Scorching Lesbian Film Wins Top Prize at Cannes

Blue is the Warmest Color sets cineastes aflame with its erotic realism

It’s almost a recipe for a box-office bomb: a three-hour French drama with an obscurely metaphorical title, two little-known actresses and one 15-minute sex scene in real time. But “Blue is the Warmest Color,” from French-Tunisian director Abdellatif Kechiche, won the Palme d’Or at the Cannes Film Festival this week on the strength of its luminous filmmaking and sizzling lovemaking between co-stars Adèle Exarchopolous and Léa Seydoux.

“Blue is the Warmest Color” focuses on Adele (Exarchopoulos), a poetry-reading, bohemian teen and her unfolding relationship with Emma, a slightly older art student with blue-dyed hair. The shade becomes a symbol of intimacy as their relationship develops through a string of epic sex scenes that one critic lauded as “amongst the most graphic in the history of non-pornographic cinema…unabashed and entirely unembarrassing.”
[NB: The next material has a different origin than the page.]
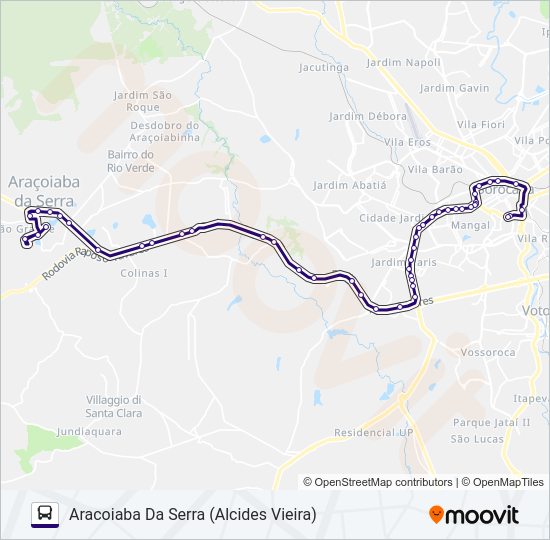 6320 ARAÇOIABA DA SERRA - SOROCABA  Line Map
Exarchopolous and Seydoux were singled out for recognition along with their director, a move The New York Times called “unusual, perhaps unprecedented.” Fans of Sapphic-themed French dramas may remember Seydoux from her role as a quasi-lesbian servant to Marie Antoinette in last year’s “Farewell, My Queen.”

The Palme d’Or, bestowed by jury foreman Steven Spielberg, boosts the indie film’s chances of wide distribution. If “Blue is the Warmest Color” makes it to your local multiplex, don’t miss it.